» COLLECTED DATA

---------------

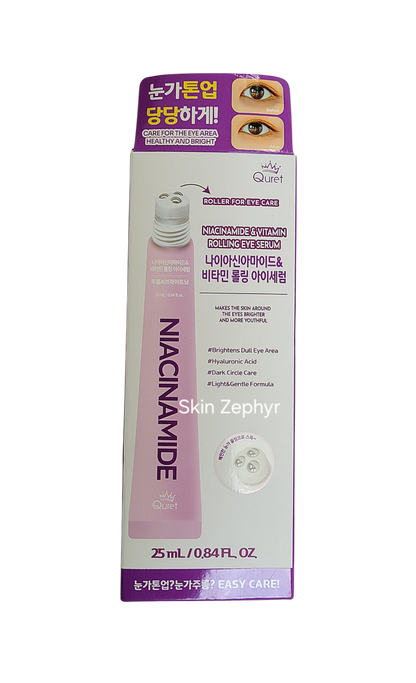 Quret Niacinamide & Vitamin Rolling Eye Serum
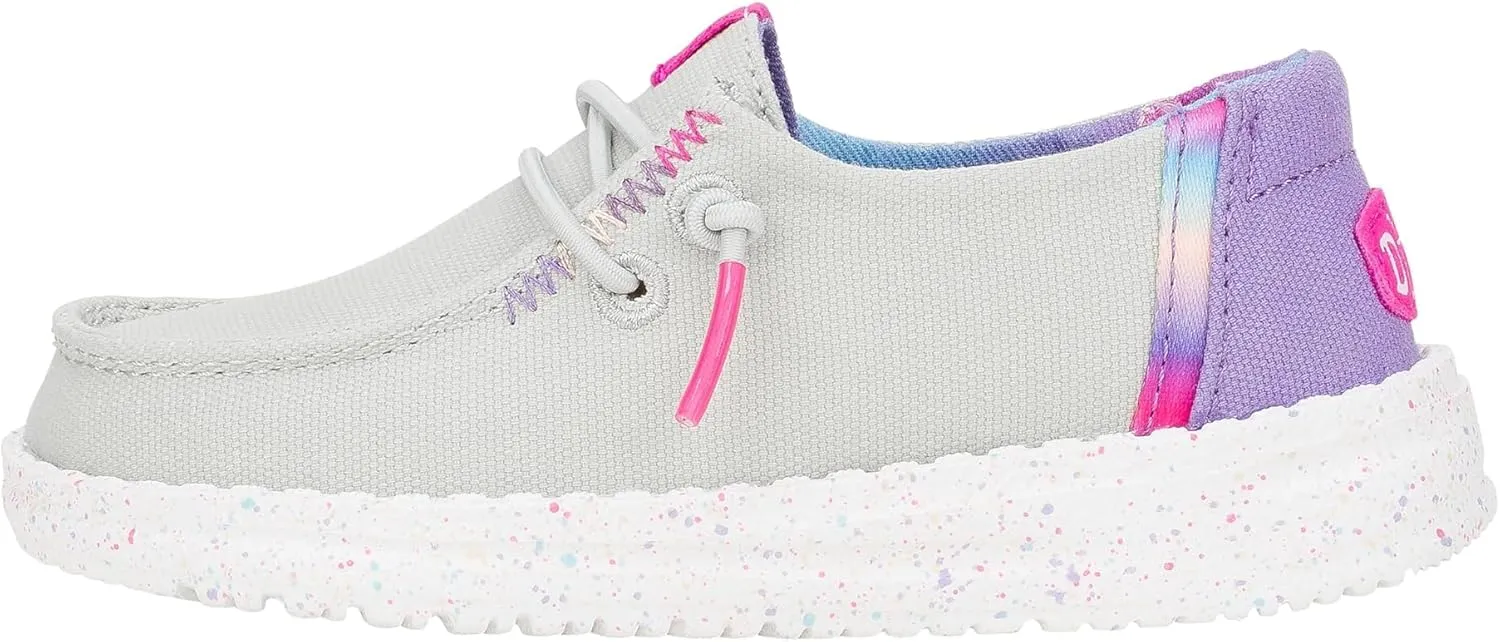 Hey Dude Kids Wendy Color Fun (Toddler) - Shoes for Kids - Flexible Rubber Outsole - Elastic Laces - Round Toe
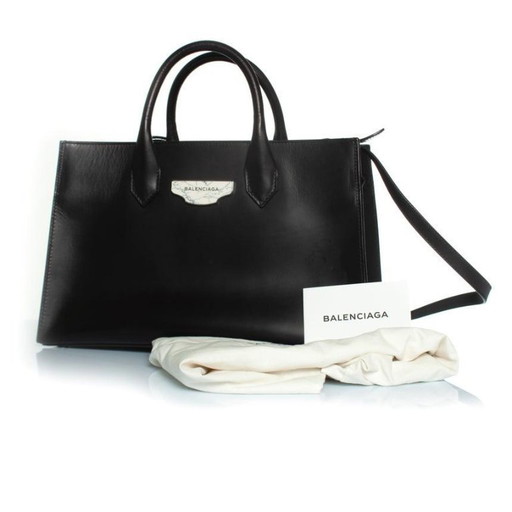 Balenciaga, borsa tote effetto marmo nera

---------------

A verbatim rendering of the listing above is required, without any of its pictures.

» EXPECTED ANSWER
 Quret Niacinamide & Vitamin Rolling Eye Serum
 Hey Dude Kids Wendy Color Fun (Toddler) - Shoes for Kids - Flexible Rubber Outsole - Elastic Laces - Round Toe
 Balenciaga, borsa tote effetto marmo nera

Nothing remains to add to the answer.